NC WARN, with a coalition of allies, co-organized the Charlotte protest outside of Duke Energy’s headquarters on the day of their annual shareholder meeting. We also had a presence inside the meeting, with our members speaking out for climate protection and social justice. Read excerpts from the news coverage below.
“Duke Energy CEO offers stock answers during shareholder’s meeting”
Ryan Pitkin, Creative Loafing Charlotte
Security removed Nick Wood, organizing director of environmental non-profit NC WARN, after he objected to the meeting’s agenda minutes after the meeting had begun. When Wood noticed that the Q&A, the only chance for guests to speak, was the very last order of business, he rose to his feet and loudly stated “Point of order!” before being tapped on the arm by a security guard and told to leave the building.
“I came into the meeting wanting to ask serious questions of Duke Energy,” he said. “I should have the right to make a comment about a proposal that is on the agenda at their legally required shareholder’s meeting.”
“In what democratic body do you have the vote before you discuss the issues?” said [NC WARN Senior Strategist] Peter MacDowell, a shareholder who attended the meeting. “This wasn’t a utility stockholder’s meeting, this was a futility stockholder’s meeting. It was a done deal.”
“Duke Energy CEO cites ‘year of accomplishment,’ praises directors”
Dane Huffman, WNCN
About 200 protesters gathered outside at the event, and participants had to enter through metal detectors. Duke Energy’s handling of coal ash spills in North Carolina rivers has raised questions about how well it has handled the coal ash disposal and its commitment to protect the state’s environment.
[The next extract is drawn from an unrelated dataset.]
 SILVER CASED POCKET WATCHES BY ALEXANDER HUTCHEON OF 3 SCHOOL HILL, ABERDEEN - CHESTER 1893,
Sixteen people spoke at the event before the company cut off questions.
“Amid security and protests, Duke shareholders re-elect current directors”
Bruce Henderson, The Charlotte Observer
[NC WARN board member] George Friday, a community organizer from Gastonia, told [Duke Energy CEO Lynn] Good her reassurances about concern for the environment and for customers rang hollow. “I think the ‘we’ you’re describing is the ‘we’ that gets million-dollar bonuses,” Friday said. “I’m among the ratepayers for whom $20 a month to clean up coal ash is significant.”